PAX West Interview With Developer Billy Basso
I wrote most of TheGamer’s guides for Animal Well earlier this year, and despite not enjoying platformers or Metroidvanias, I was enamored. The mysteries continued to pile up, each area was creepier than the last, and I was unable to put the game down. So when Bigmode reached out with a chance to chat at PAX West with developer Billy Basso, I couldn’t resist picking the mind of the man behind the game that upturned what I thought I knew about my preferences.
With so many people – myself and our Editor-in-Chief Stacey Henley included – heralding the Ostrich boss as the moment when it clicked for us what the game was going to be, I asked Basso about the big bully of a bird.
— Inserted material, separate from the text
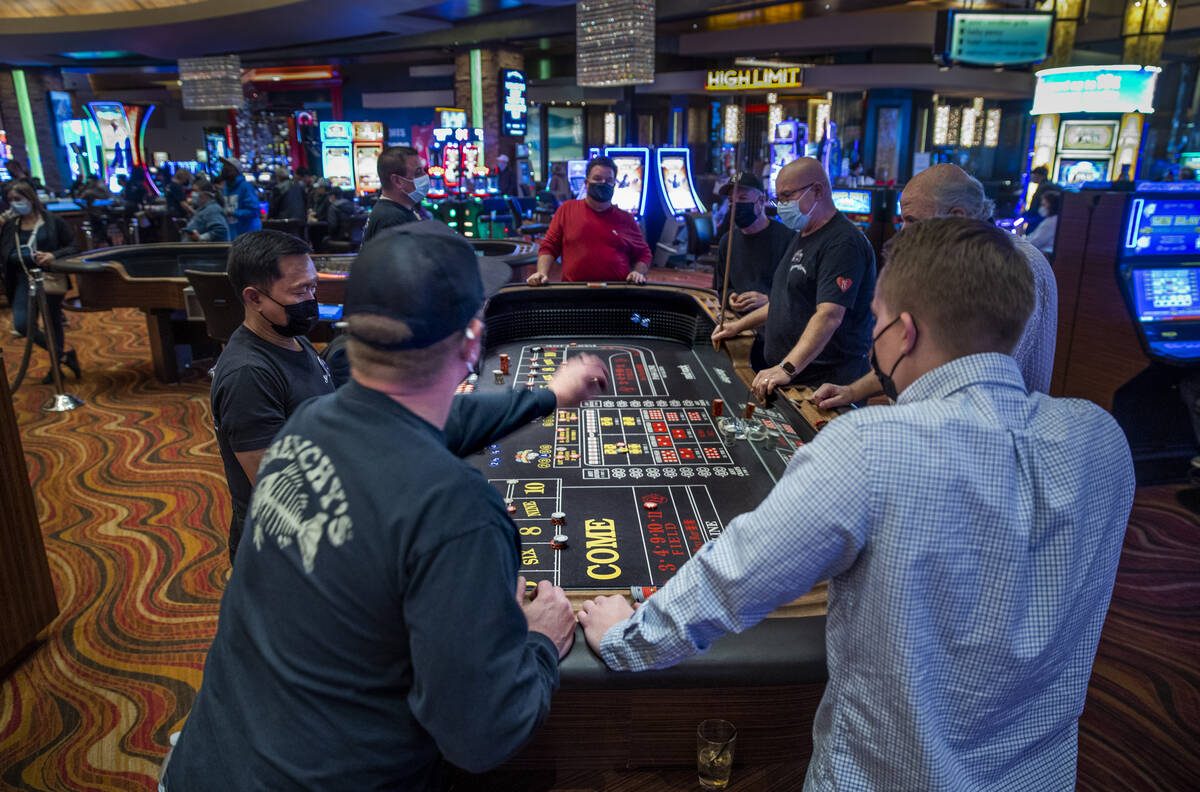 A guest tosses the dice during a game of Craps at Red Rock Casino on Tuesday, Dec. 26, 2021, in ...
He told me that the Ostrich was one of the first bosses he came up with, and that the final level he designed was the second meeting with the Ostrich after challenging you to realize you can switch the direction of the lift in that section of the game. Basso refers to this as one of the more challenging casual puzzles, laughing, “In a way, it’s kind of like my version of the Water Temple from Zelda, you’ve got to really have the whole level in your mind.”
I told him how effective the creature had been at conveying the precise vibe of the game in a single encounter, and Basso knew he had to do something to make it clear the game isn’t just another pixel platformer. “Animal Well is the kind of game that doesn’t really communicate very well why it’s special,” he says. “It’s a game about secrets and holding back information, and I think that’s what makes it interesting to play, but it’s hard to market a game like that – I can’t just show the best parts.”
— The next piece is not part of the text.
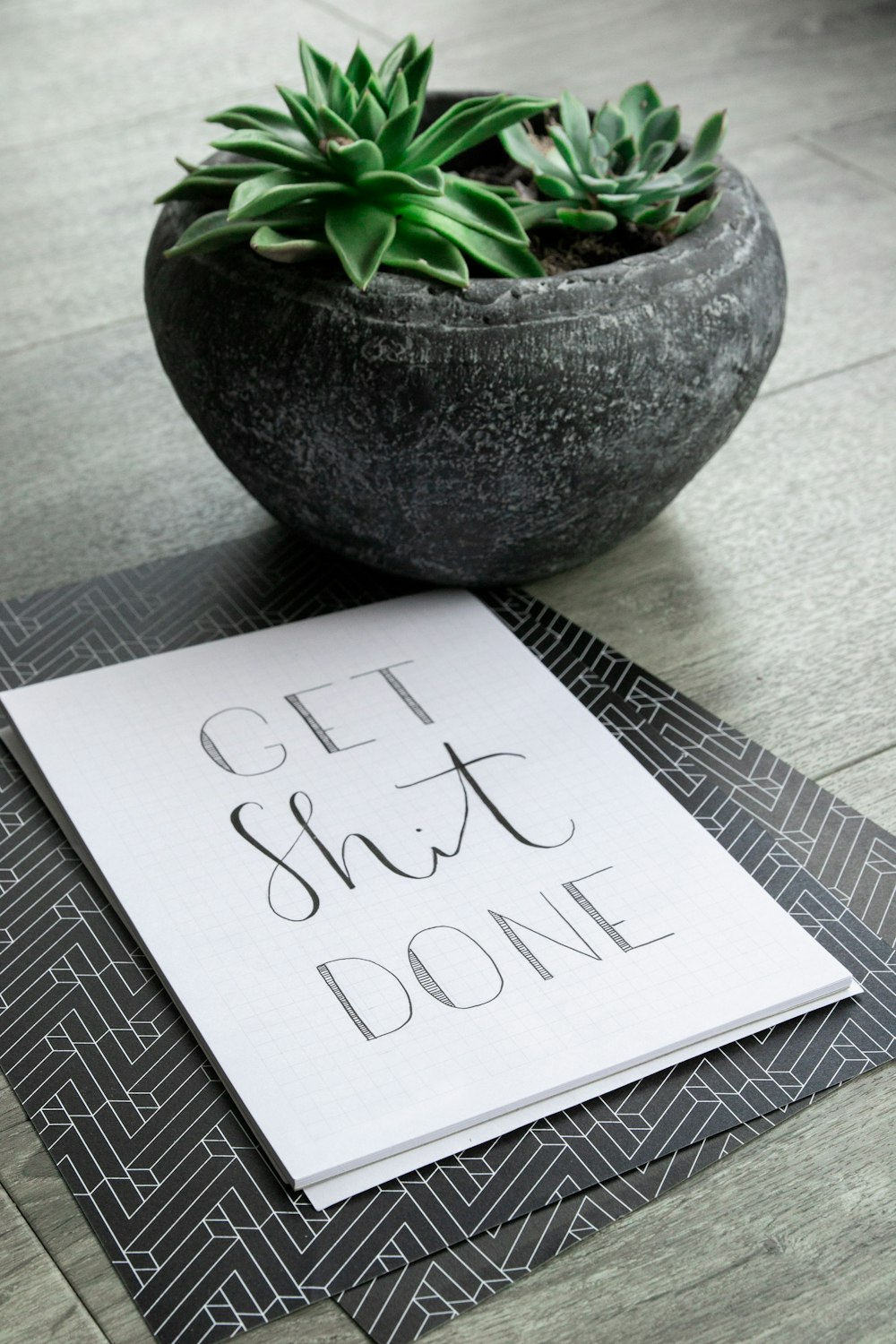 white printer paper on gray round vase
Despite the game having launched more than four months ago, it still consumed about half of Bigmode’s booth on the show floor at PAX West. It had even more real estate during PAX East in March, where so many fans got to go hands-on with the demo for the first time. Bigmode is a publisher created by YouTuber Dunkey, and fans were surprised to see such a dark game coming from a studio formed by someone known for his comedy.
Basso’s business partner, Dan Adelman, committed to taking the game to industry events to try to get the project off the ground, and Bigmode got involved at Summer Games Fest 2022. At that point, Basso had worked on it part-time for four years but knew that Bigmode expressing an interest was a huge opportunity, despite initial trepidation.
“Early on, I was a little concerned about maintaining creative control, but they ended up being very friendly and respectful of the game,” he tells me. He’d send Bigmode builds of the game in search of feedback, and says feedback came without the expectation that he would implement it precisely. “They’d give me a lot of really useful information, but I could still decide what I want to do with it.”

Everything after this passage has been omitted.